**WHAT THE EXERCISE ASKS:** Begin at the line containing "baneberry (Actaea rubra)" in the data below and go on through the line containing "Noel's pup Cookie (F1)", repeating each line exactly; include both ends and no other line.

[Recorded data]
--- START ---

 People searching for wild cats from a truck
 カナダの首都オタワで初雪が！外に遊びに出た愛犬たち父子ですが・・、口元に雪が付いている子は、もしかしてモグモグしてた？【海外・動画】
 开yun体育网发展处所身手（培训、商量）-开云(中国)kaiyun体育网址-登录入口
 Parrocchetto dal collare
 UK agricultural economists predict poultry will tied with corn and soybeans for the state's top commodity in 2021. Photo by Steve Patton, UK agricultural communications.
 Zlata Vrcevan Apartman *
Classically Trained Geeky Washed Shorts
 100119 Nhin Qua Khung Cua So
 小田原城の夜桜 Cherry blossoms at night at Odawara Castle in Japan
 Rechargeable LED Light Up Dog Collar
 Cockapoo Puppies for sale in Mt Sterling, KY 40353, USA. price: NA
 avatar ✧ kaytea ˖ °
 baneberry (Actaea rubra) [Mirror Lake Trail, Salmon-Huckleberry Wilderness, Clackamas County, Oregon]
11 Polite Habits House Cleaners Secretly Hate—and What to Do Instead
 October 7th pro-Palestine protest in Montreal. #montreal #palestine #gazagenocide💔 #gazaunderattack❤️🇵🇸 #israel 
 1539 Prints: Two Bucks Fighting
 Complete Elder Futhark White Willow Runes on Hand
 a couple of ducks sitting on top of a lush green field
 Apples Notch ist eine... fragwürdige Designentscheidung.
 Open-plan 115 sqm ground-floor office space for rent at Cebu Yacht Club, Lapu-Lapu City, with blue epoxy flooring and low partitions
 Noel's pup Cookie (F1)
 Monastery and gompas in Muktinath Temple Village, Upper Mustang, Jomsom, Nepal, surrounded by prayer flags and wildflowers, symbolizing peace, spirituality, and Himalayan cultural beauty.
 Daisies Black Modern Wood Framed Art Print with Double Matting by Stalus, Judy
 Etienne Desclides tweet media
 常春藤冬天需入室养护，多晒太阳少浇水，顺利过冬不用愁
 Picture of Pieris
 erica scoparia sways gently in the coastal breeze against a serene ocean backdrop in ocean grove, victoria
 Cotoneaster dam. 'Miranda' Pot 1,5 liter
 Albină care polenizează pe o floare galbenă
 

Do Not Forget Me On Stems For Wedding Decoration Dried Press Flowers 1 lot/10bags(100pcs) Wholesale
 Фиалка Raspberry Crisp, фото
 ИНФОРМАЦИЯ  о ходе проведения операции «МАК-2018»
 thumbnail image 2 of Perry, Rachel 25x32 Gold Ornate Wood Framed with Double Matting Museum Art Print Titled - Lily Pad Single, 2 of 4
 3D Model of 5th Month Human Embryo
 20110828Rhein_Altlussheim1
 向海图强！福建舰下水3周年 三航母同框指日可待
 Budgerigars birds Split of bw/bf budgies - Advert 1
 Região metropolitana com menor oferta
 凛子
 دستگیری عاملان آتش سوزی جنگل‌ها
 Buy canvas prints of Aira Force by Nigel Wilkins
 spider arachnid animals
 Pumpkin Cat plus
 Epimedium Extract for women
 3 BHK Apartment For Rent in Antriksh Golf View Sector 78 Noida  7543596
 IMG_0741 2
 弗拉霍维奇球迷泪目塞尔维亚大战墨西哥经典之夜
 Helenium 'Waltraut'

--- END ---

**FINISHED EXERCISE:**
 baneberry (Actaea rubra) [Mirror Lake Trail, Salmon-Huckleberry Wilderness, Clackamas County, Oregon]
11 Polite Habits House Cleaners Secretly Hate—and What to Do Instead
 October 7th pro-Palestine protest in Montreal. #montreal #palestine #gazagenocide💔 #gazaunderattack❤️🇵🇸 #israel 
 1539 Prints: Two Bucks Fighting
 Complete Elder Futhark White Willow Runes on Hand
 a couple of ducks sitting on top of a lush green field
 Apples Notch ist eine... fragwürdige Designentscheidung.
 Open-plan 115 sqm ground-floor office space for rent at Cebu Yacht Club, Lapu-Lapu City, with blue epoxy flooring and low partitions
 Noel's pup Cookie (F1)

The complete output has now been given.